Cumpliendo así otra promesa electoral, Trump afirmó que su país "no admitirá a las mismas amenazas que nuestros soldados enfrentan en otros lados del mundo". Por ello estableció un mecanismo de "chequeo extremo" para "mantener a los terroristas islámicos radicales fuera de Estados Unidos".

"Esto es bueno", puntualizó durante la investidura de James Mattis como secretario de Defensa en el Pentágono. Estados Unidos sólo recibirá "a quien apoye a nuestro país y a quien ame a nuestro pueblo".

La medida suspende totalmente el programa estadounidense de acogida de refugiados durante al menos 120 días, mientras se concreta el futuro sistema de verificación de visas.

Los nuevos protocolos deben "garantizar que los aprobados como refugiados no supondrán una amenaza a la seguridad o bienestar de Estados Unidos".

Además, prohíbe específicamente la llegada de refugiados sirios de forma indefinida o hasta que el mandatario decida que no son un peligro para el país.

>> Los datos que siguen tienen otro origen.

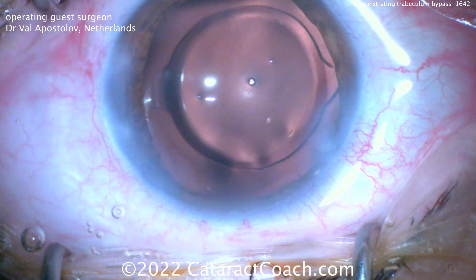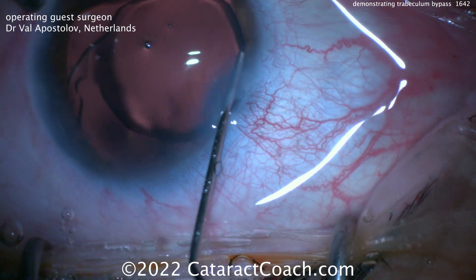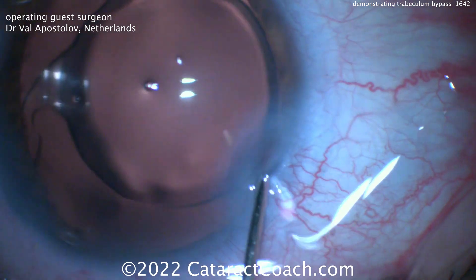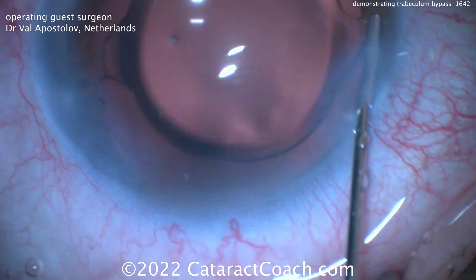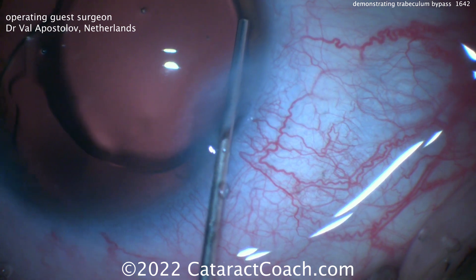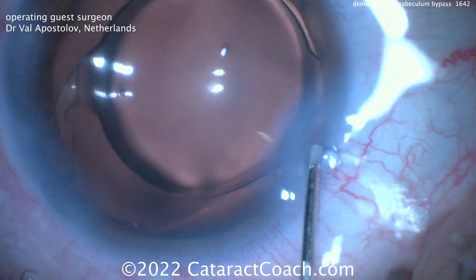You're bypassing that trabeculum, which doesn't flow as it should — or at least not sufficiently for the patient's condition. I encourage all cataract surgeons to certainly learn how to use the MIGs procedure, especially if you're a young surgeon. You can learn this during your residency training, and it's something you may find useful for many of your glaucoma patients who have concurrent cataracts. You can do the cataract surgery and the MIGs procedure in the same sitting.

Mientras tanto, las autoridades no concederán visas durante 90 días a migrantes o visitantes procedentes de Irán, Irak, Libia, Somalia, Sudán, Siria y Yemen.

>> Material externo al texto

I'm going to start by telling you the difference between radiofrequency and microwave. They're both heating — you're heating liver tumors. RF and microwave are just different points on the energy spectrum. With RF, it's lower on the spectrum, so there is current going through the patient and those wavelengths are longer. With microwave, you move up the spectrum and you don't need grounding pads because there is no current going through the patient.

En el año fiscal 2016 (que va del 1 de octubre de 2015 al 30 de septiembre de 2016) el país admitió a 84.994 refugiados de diversas nacionalidades, incluyendo unos 10.000 sirios.

- Propuesta de campaña -

Durante la renovación del sistema de visas se harán algunas excepciones a personas pertenecientes a "minorías religiosas", que favorecerán principalmente a los cristianos.

Los defensores de los derechos humanos y organizaciones que protegen a los refugiados condenaron el paso tomado por Trump.

La activista paquistaní Malala Yousafzai, ganadora del premio Nobel de la Paz que fue víctima de un atentado perpetrado por los talibanes en 2012, afirmó que la medida cierra puertas.

"Tengo el corazón destrozado porque hoy [por viernes] el presidente Trump le ha cerrado las puertas a niños, madres y padres que huyen de la violencia y la guerra", manifestó en un comunicado.

El director ejecutivo de la Unión Estadounidense por las Libertades Civiles (ACLU, por sus siglas en inglés), Anthony Romero, señaló de su lado que el "chequeo extremo es solo un eufemismo para discriminar a los musulmanes".

Ahmed Rehab, director en Chicago del grupo Consejo de Relaciones Islamo-Estadounidenses, dijo a la AFP que el decreto "afecta a gente apenas basado en su fe religiosa y origen nacional, y no por su carácter".

Su organización no descarta combatir el decreto mediante procesos ante la justicia.

Pero la noticia fue aplaudida por el presidente de la Cámara de Representantes Paul Ryan, un peso pesado del Partido Republicano, quien dijo apoyar el programa de acogida de refugiados, pero subrayó que "es tiempo de reevaluar y reforzar el proceso de verificación de visas".

Los defensores de Trump también celebraron este paso alegando la necesidad de que el país impida la infiltración de seguidores de Al Qaida o del Estado Islámico como simples refugiados.

- "Reconstruir un gigante" -

Al mismo tiempo, el presidente estadounidense firmó un decreto que sienta las bases para lo que definió como una "gran reconstrucción" del aparato militar.

Esto se hará "desarrollando planes para nuevos aviones, nuevos navíos, nuevos recursos y nuevas herramientas para nuestros hombres y mujeres uniformados", expresó.

"Nuestro poderío militar no será cuestionado por nadie, pero tampoco lo será nuestra dedicación a la paz. Queremos paz", añadió.

Mientras estampaba su firma en el decreto sobre reconstrucción militar, Trump bromeó: "Reconstruir nuestras fuerzas armadas. Esto es grande. ¿No suena bien?".

Este decreto determina que el secretario Mattis tiene ahora un plazo de 30 días para hacer una revisión de la situación general de las Fuerzas Armadas y presentar a la Casa Blanca una lista de recomendaciones para mejorar esas condiciones.